How long can meat be in fridge?


 

John Solodar

New member
How long ahead of time can you purchase meat and safely keep it in the fridge before cooking?

Can I purchase anytime this week to smoke on Sunday? Or should I wait until later in the week (Thu or Fri) to purchase?

Let's assume it is not frozen.

Thanks,

John
 
Any time up to a week in advance should be okay.

I go by the "Sell By" or "Use By" date.

Frankly, I think my frig does a better job than a store's open meat displays. If it can sit in those open displays until that date, why can't it sit in my frig for the same time?
 
John, a lot depends on how the meat is packaged and if it is kept at a safe temp zone from store to fridge. Also what kind of meat. Brisket for example if in a cryopak can be held under refrigeration for several weeks and probably benefitts from the aging process. chicken I would say no more than a few days and should be bought really cold, in fact since most commercial chicken is fresh frozen and then thawed buy the store I try to get mine still a bit icy. Pork butt and ribs up to a week but I prefer less maybe 2-4 days.

Mark
 
Yup. Beef in cryo can go much longer. Wet aging is all about that. Once repackaged though and the dynamics change.
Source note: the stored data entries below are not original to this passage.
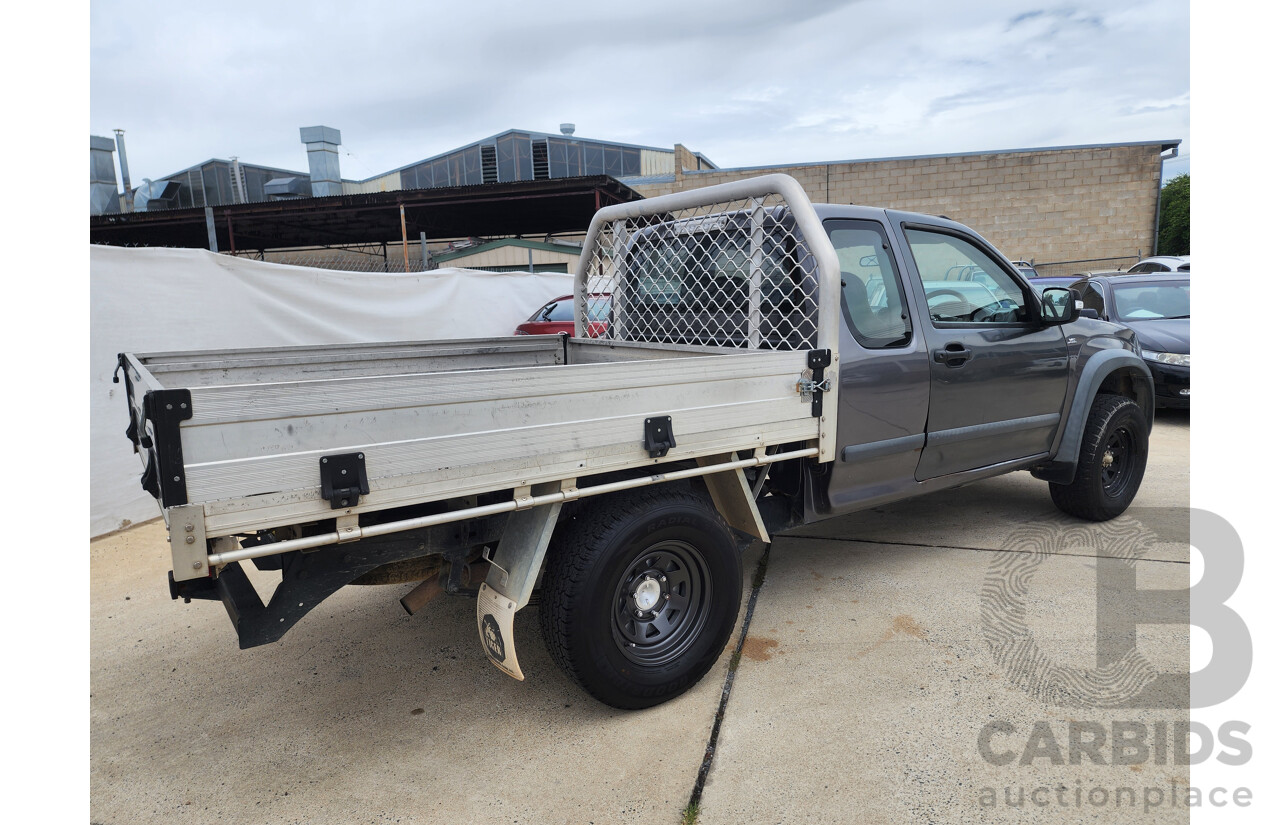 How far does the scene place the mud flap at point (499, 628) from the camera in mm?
2568

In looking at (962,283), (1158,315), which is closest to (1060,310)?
(962,283)

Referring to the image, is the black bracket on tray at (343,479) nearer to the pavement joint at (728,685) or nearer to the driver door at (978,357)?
the pavement joint at (728,685)

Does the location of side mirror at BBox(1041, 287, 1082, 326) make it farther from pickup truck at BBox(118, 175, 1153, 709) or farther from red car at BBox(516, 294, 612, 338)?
red car at BBox(516, 294, 612, 338)

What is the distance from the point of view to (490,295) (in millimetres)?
9531

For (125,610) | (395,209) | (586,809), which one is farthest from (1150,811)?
(395,209)

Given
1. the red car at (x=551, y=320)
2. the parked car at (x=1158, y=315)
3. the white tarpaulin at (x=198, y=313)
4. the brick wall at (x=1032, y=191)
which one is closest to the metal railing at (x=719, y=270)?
the white tarpaulin at (x=198, y=313)

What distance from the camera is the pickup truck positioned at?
2.04m

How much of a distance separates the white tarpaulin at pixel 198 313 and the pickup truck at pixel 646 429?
2.48 meters

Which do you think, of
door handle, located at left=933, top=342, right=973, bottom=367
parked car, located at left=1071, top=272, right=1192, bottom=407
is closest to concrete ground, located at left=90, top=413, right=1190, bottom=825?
door handle, located at left=933, top=342, right=973, bottom=367

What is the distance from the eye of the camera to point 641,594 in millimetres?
2844

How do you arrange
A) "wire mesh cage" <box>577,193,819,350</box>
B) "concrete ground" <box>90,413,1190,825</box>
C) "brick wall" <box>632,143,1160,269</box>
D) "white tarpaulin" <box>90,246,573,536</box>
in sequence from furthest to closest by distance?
"brick wall" <box>632,143,1160,269</box> → "white tarpaulin" <box>90,246,573,536</box> → "wire mesh cage" <box>577,193,819,350</box> → "concrete ground" <box>90,413,1190,825</box>

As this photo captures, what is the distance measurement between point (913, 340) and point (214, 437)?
298 centimetres

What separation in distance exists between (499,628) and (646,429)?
0.89 metres

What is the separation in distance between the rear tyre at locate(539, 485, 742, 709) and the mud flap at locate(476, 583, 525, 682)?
0.14m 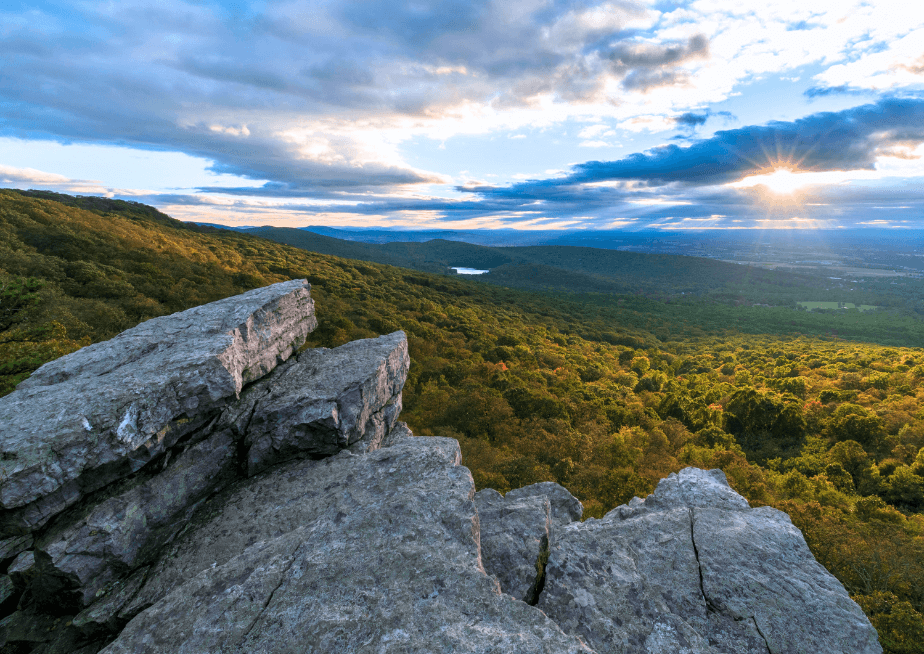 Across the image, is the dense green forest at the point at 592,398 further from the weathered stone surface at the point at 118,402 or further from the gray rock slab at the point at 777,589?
the weathered stone surface at the point at 118,402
Pork (and lamb) in cryo will last longer than retail packaging, but it does not benefit from aging.

Poultry's quality can suffer within a couple or three days.

I ignore sell-by dates as they are generally arbitrary and the sellers are free to change them anyway.
 
Call me funny (go ahead),but I don't like to keep thawed meat in the fridge for more than a day or two. Even in cryo or the store plastic wrap,if it's gonna be more than a couple of days before I'm going to cook something,I will freeze,then thaw a few days before I cook. It might be just the old Army cook in me,but no one has ever gotten sick off of anything I've cooked either!
 
But they likely wouldn't were you not to cook it as quickly. (Not suggesting you do something you don't want to - just sayin'.)

Cooking to proper temps will pasteurize the meat and make it safe to consume. There really isn't anything in terms of pathogens that will grow on raw in a cold fridge that cooking won't take care of. Listeria maybe, if present, but not likely.

More important in terms of pathogen growth on meats is that which occurs after cooking.

For raw meat (or poultry) that is held too long before cooking the concern is spoilage bacteria. They are responsible for off odors, off flavors and a slimy texture. Not something that anyone wants to eat but none are responsible for food borne illness. (Pathogens that cause food borne illness have no odor no flavor, and do not cause odors or bad flavors wither.)